Author's note: This post is long, I'm sure, a little rambly and incoherent, and it takes on a bit of a Bible-thumping nature. But it is genuine and writing it has helped me process through some major faith-issues. Many of you know about the struggles we're enduring right now---a recent failed house-selling experience (we "sold" it last week and then our buyer's loan fell through yesterday after we put a deposit down on an apartment), a tumultuous adoption journey, anxiety of starting new jobs. So this morning I found it fitting to read through the book of Job to figure out where to go from this hole of desperation and hopelessness we've fallen into. And after a few hours of reading, I feel pretty convicted that my faith is shallow.
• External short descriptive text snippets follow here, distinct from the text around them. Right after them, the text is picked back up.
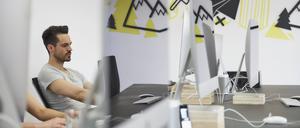Ein Mann arbeitet im Großraumbüro am Computer.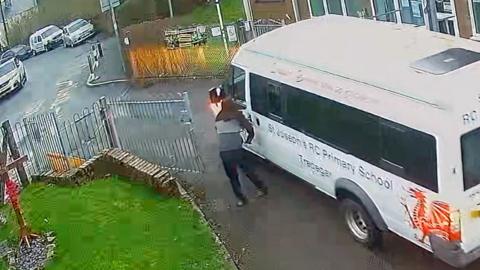 A man with his hood up stands next to the white minibus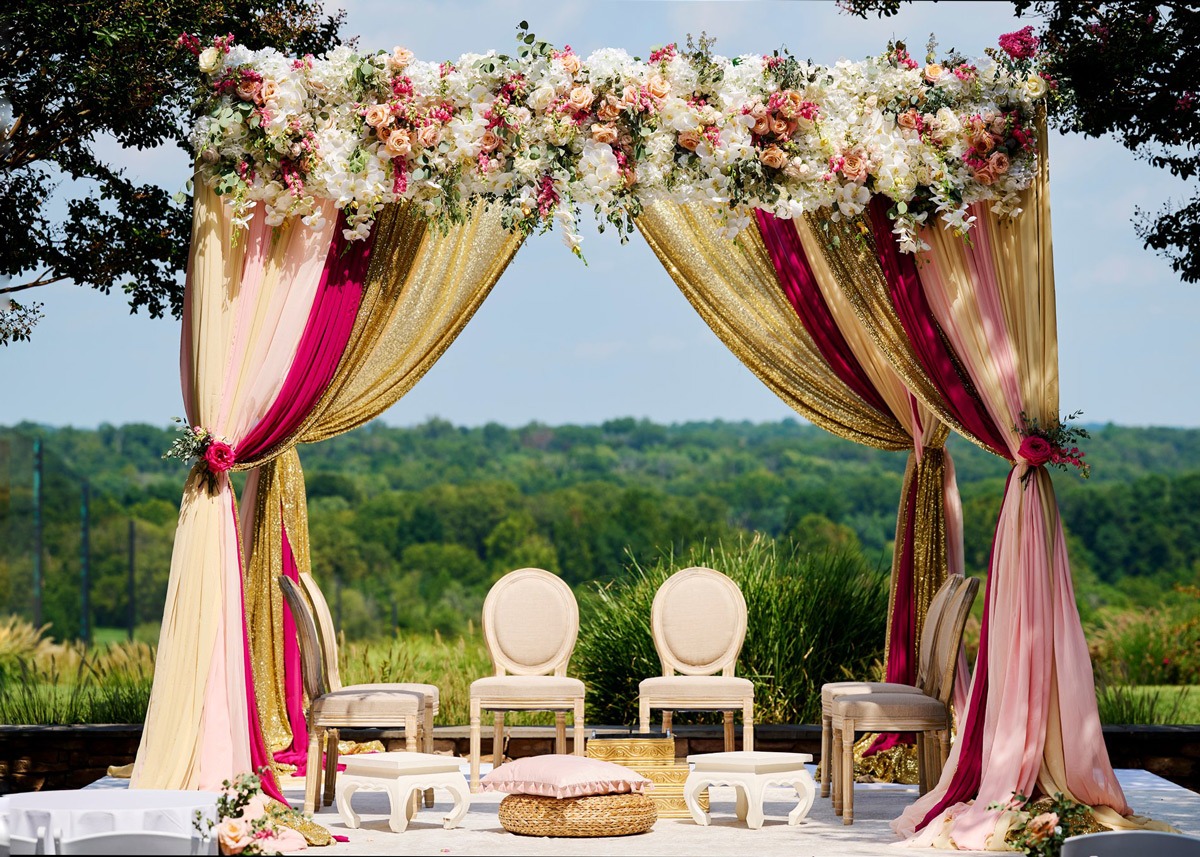 Elaborate mandap ceremony structure with pink, gold, and burgundy drapes, abundant florals, and white chairs on outdoor terrace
I feel like I sometimes give a persona on this space that I am this faithful person who is unshaken in the face of trouble. But as I read about Job and his response to calamities as well as God's response to Job, I realize how surface level my faith is.

Early in the book of Job we read about an encounter between God and Satan where they talk about Job and how blameless he is. Satan then challenges God and says, "'Yes, but Job has good reason to fear God. You have always put a wall of protection around him and his home and his property. You have made him prosper in everything he does. Look how rich he is! But reach out and take away everything he has, and he will surely curse you to your face!'" (Job 1:9-11). God responds by allowing Satan to to test Job but draws a line at harming Job physically. Soon Job is hammered by messengers who bring all this bad news: his livestock is stolen and killed, his hired hands destroyed, and all of his children are killed. His response is: "'I came naked from my mother's womb, and I will be naked when I leave. The Lord gave me what I had, and the Lord has taken it away. Praise the name of the Lord!'" (Job 1: 21) It's always amazed me that Job's first response is to recognize the absolute authority of God and praise Him.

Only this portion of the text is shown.